- Manufacturer: City Mantis USA
- Parent company: ADX USA Inc
- Production: 2002 - ?
- Successor: Mantis XP
- Class: Electric Scooter
- Engine: 2 x 12v Replaceable Liquid-gel Batteries
- Top speed: 16 mph (26 kmh)
- Power: DC 36v / 300w
- Ignition type: Electronic Ignition
- Frame type: Aluminium Composite Hex Box
- Suspension: Front & Seat
- Brakes: Front Disc & and Rear Drum
- Tires: Front: 12 1⁄2 x 2 1⁄4 Rear: 2.80 x 4
- Weight: 20-22 kg (dry)

= City Mantis =

The City Mantis Electric Scooter (Also referred to as an Electric Bike) is a personal transporter developed by City Mantis USA. It is not clear when the City Mantis was first launched but its earliest appearance comes from a Cycle Show at the Business Design Centre in 2002. The original City Mantis model was known for its unique fold-up feature and was marketed for being conveniently stored or carried away after use. According to the official website, the City Mantis was voted "most innovative new product of 2003" at the time of its release.

==Design==
The City Mantis combines elements of both a bike and an electric scooter. It uses an aluminium composite hex box frame with a distance range of 10 to 18 miles and a maximum speed of 16 mph (26 kmh).
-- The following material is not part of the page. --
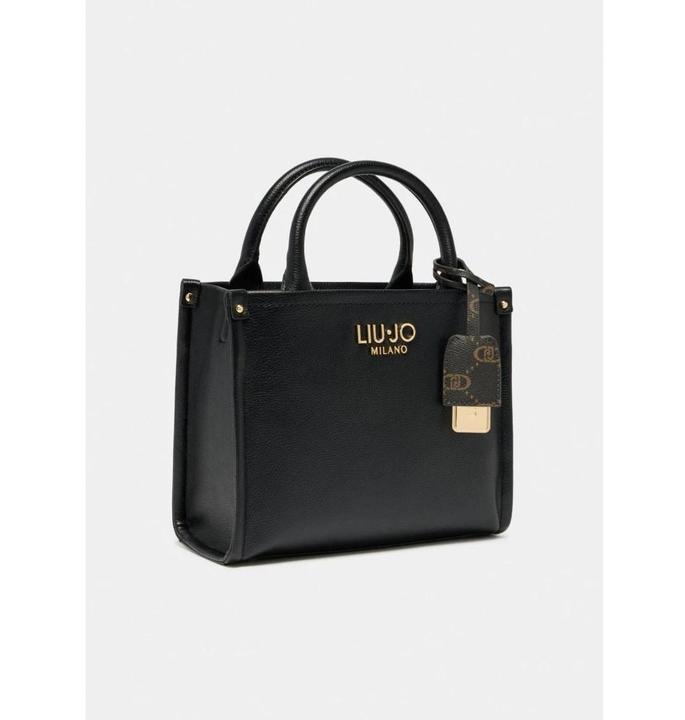Produktbild Liu Jo Ridhi Schultertasche S 26 cm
It consists of a small wheel at the rear of the scooter that is propelled by an electric motor, with a larger wheel for handling at the front. There are two fold-up foot pegs on either side of the rear wheel and uses 2 x 12v replaceable liquid gel batteries which are housed in the main body of the scooter. It weighs on average between 20 and 22 kg and can take a maximum load capacity of 35 kg. It has adjustable front and rear suspension and depending on the model, the Mantis can be folded-up in either one or two stages.

The City Mantis appears in: Metallic Silver, Black and Blue as well as Rosso Red, Neon Lime and Purple.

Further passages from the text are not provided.